Task details: All that is needed is an exact copy of the lines from the beginning of the data below through the line containing "LOAFER UNLINED WITH TASSELS SUEDE LEATHER", minus the pictures.

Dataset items
BEGIN
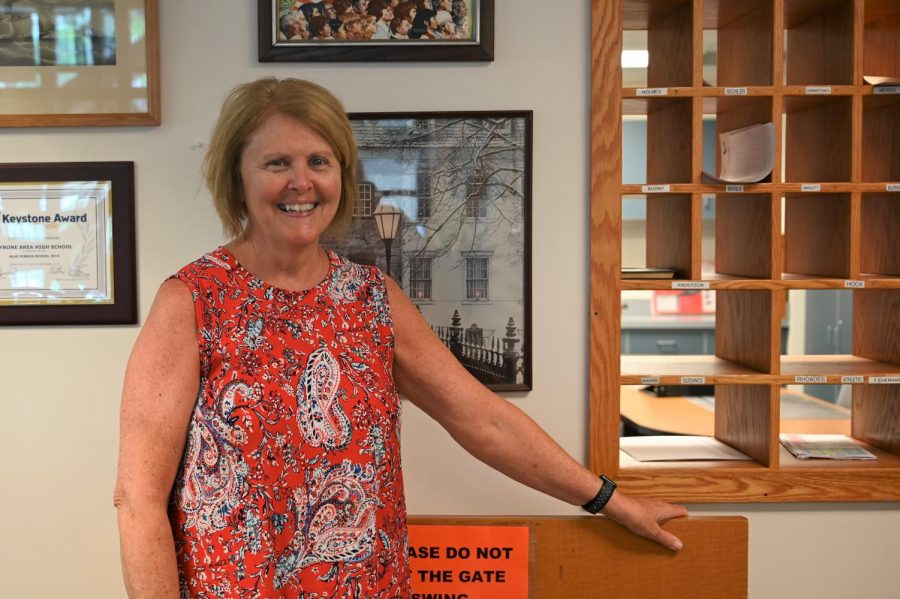 TAHS administrative assistant Cherie Golden will retire in June with 34 years of service to the district, all at the high school. 
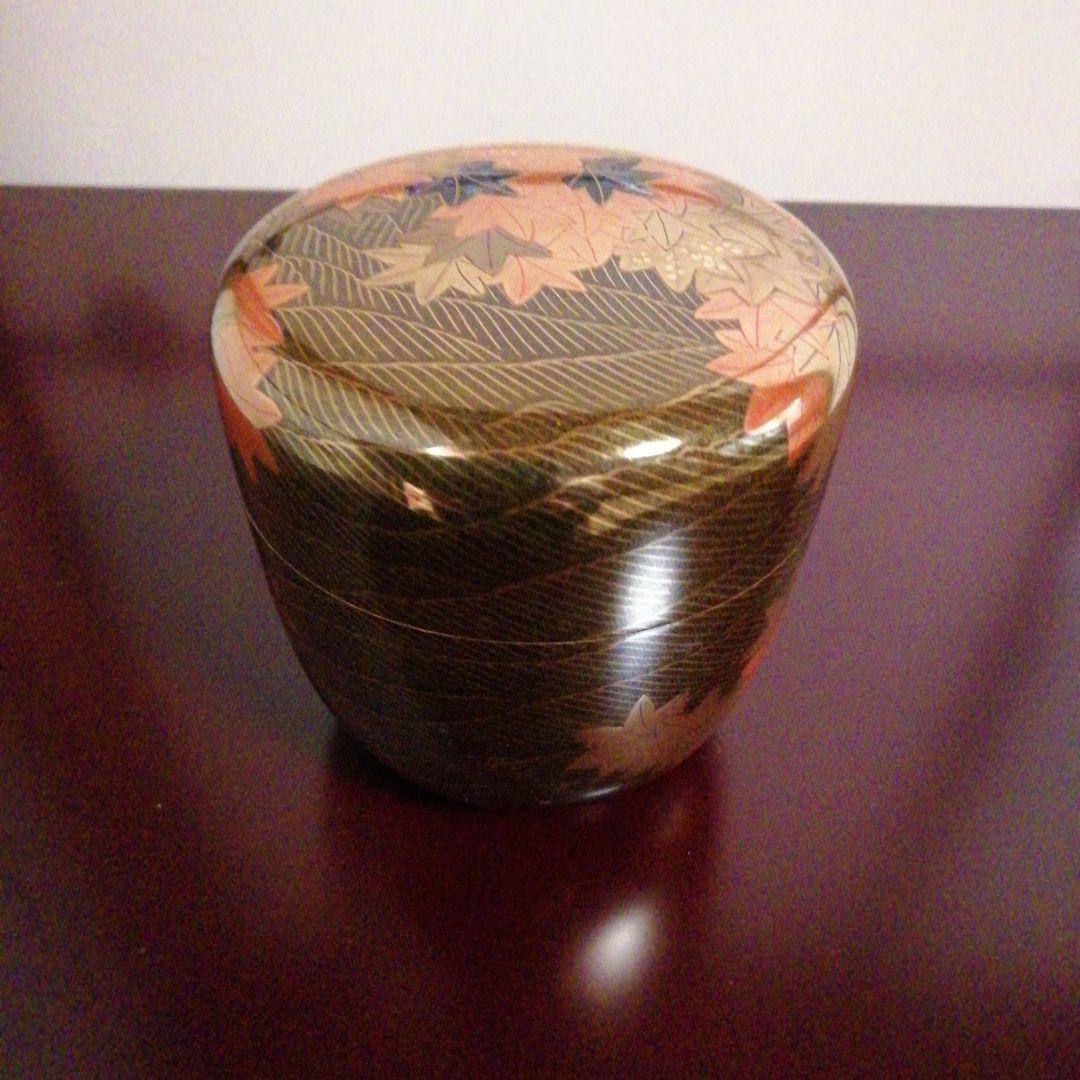 荒井正春　紅葉蒔絵棗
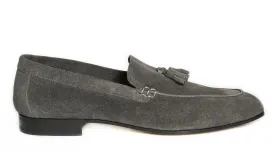 LOAFER UNLINED WITH TASSELS SUEDE LEATHER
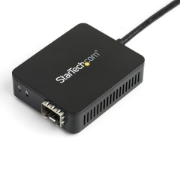 Picture of StarTech.com USB 3.0 to Fiber Optic Converter - Compact USB to Open SFP Adapter - USB to Gigabit Network Adapter - USB 3.0 Fiber Adapter Multi Mode(MMF)/Single Mode Fiber(SMF) Compatible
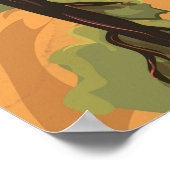 ガンニソンヴィンテージ旅行ポスターのブラックキャニオン ポスター (角)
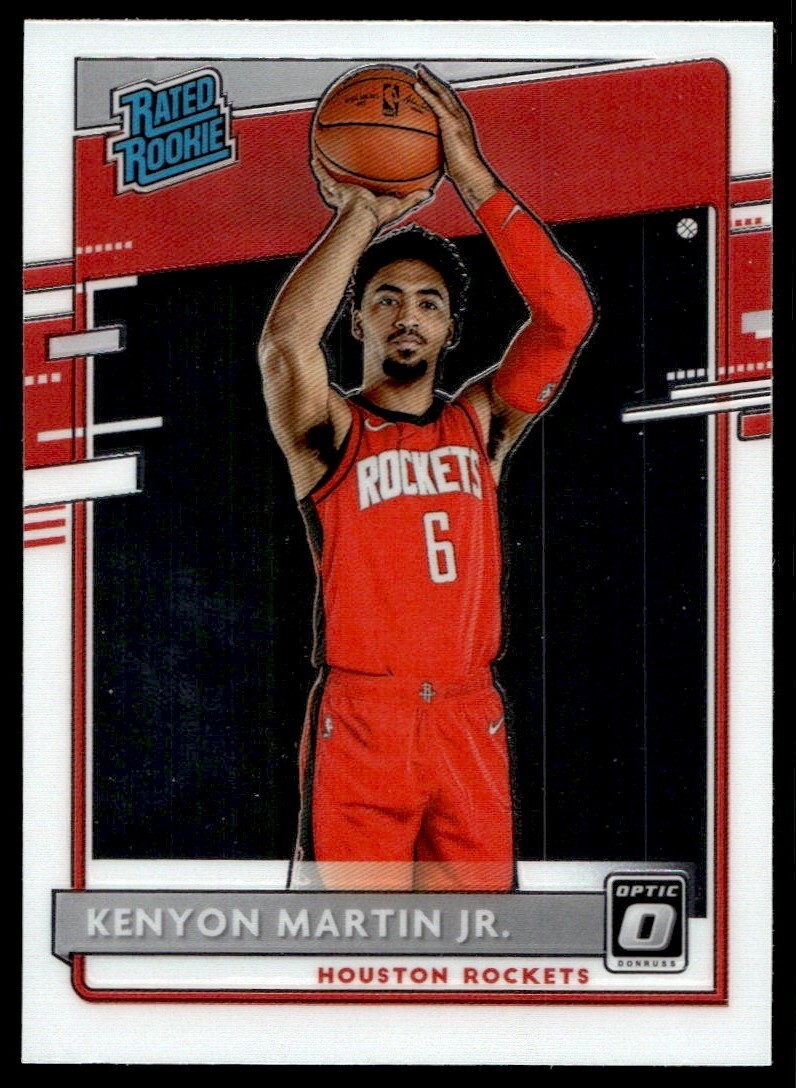 2020-21 Donruss Optic Kenyon Martin Jr. Rookie G345 Houston Rockets #197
END
Your response:
 TAHS administrative assistant Cherie Golden will retire in June with 34 years of service to the district, all at the high school. 
 荒井正春　紅葉蒔絵棗
 LOAFER UNLINED WITH TASSELS SUEDE LEATHER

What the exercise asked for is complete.